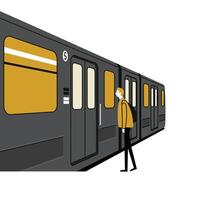 A young man with a backpack waiting and looking inside a modern gray and yellow subway train at a station platform vector
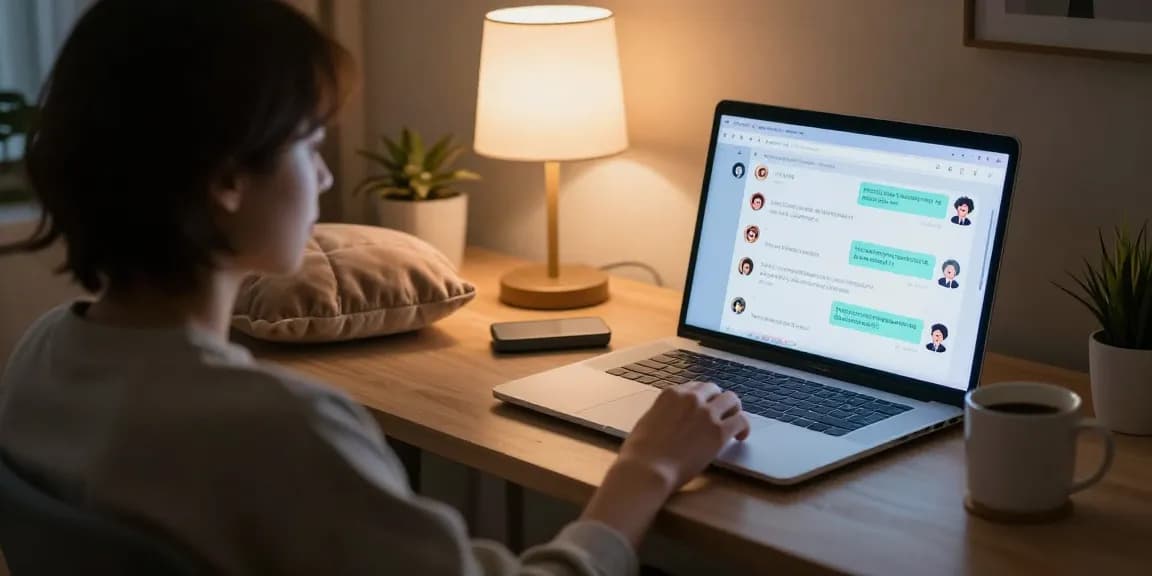 Engaging with an NSFW AI chat in a cozy home office, showcasing playful characters and creative atmosphere.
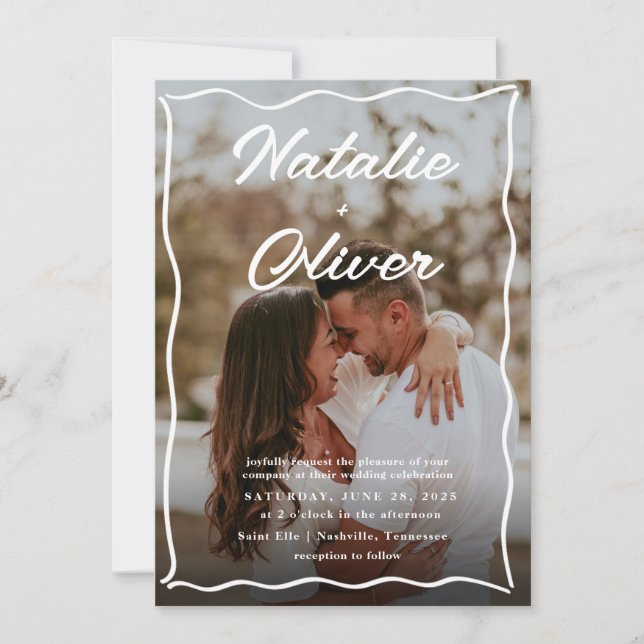 Convite Casamento preto-e-branco de borda desenhada à mão (Frente)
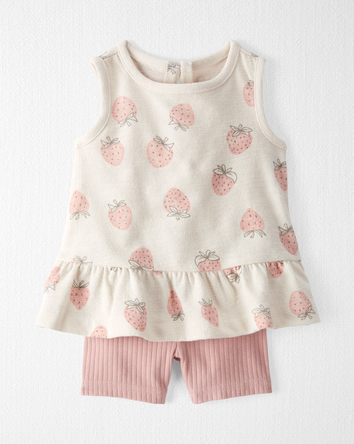 Baby Girl 2-Piece Strawberry-Print Set Made With Organic Cotton, 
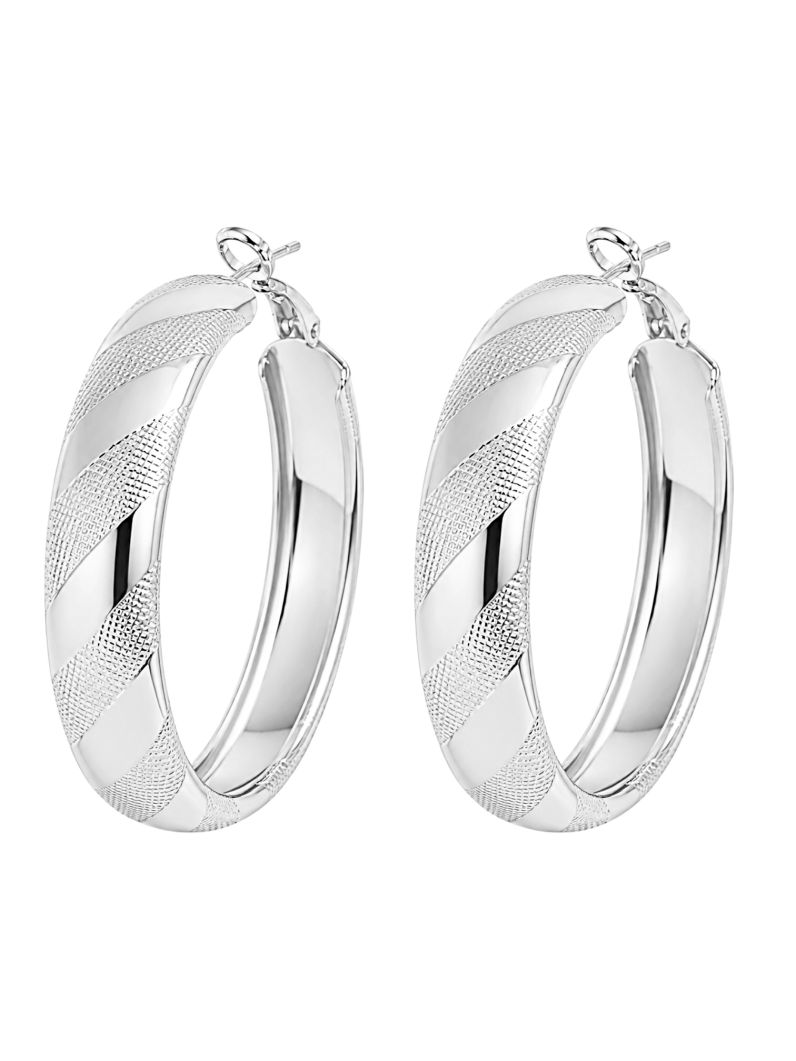 Brinco Folheado a Ouro 18k e Prata Argola Texturizada e Lisa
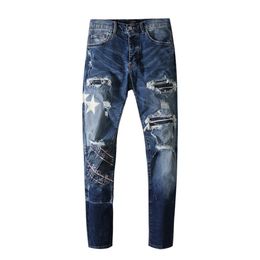 Mens jeans star design paste cloth frosted hole dark blue trend2533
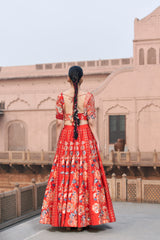 Red Moroccan Kali Wala Lehenga
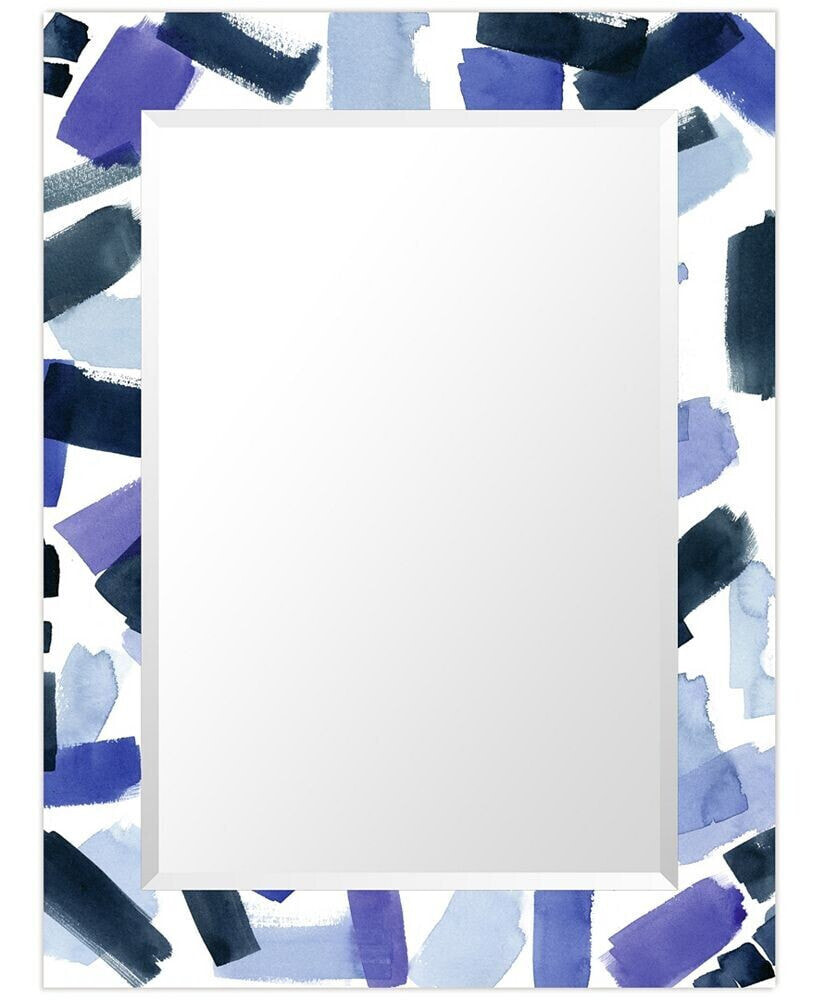 Empire Art Direct 'Cerulean Strokes' Rectangular On Free Floating Printed Tempered Art Glass Beveled Mirror, 40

Task statement
Skip all pictures. Then give again, exactly, each line from the line holding "Convite Casamento preto-e-branco" through the last line of the listing above, both ends included.

Exercise result
 Convite Casamento preto-e-branco de borda desenhada à mão (Frente)
 Baby Girl 2-Piece Strawberry-Print Set Made With Organic Cotton, 
 Brinco Folheado a Ouro 18k e Prata Argola Texturizada e Lisa
 Mens jeans star design paste cloth frosted hole dark blue trend2533
 Red Moroccan Kali Wala Lehenga
 Empire Art Direct 'Cerulean Strokes' Rectangular On Free Floating Printed Tempered Art Glass Beveled Mirror, 40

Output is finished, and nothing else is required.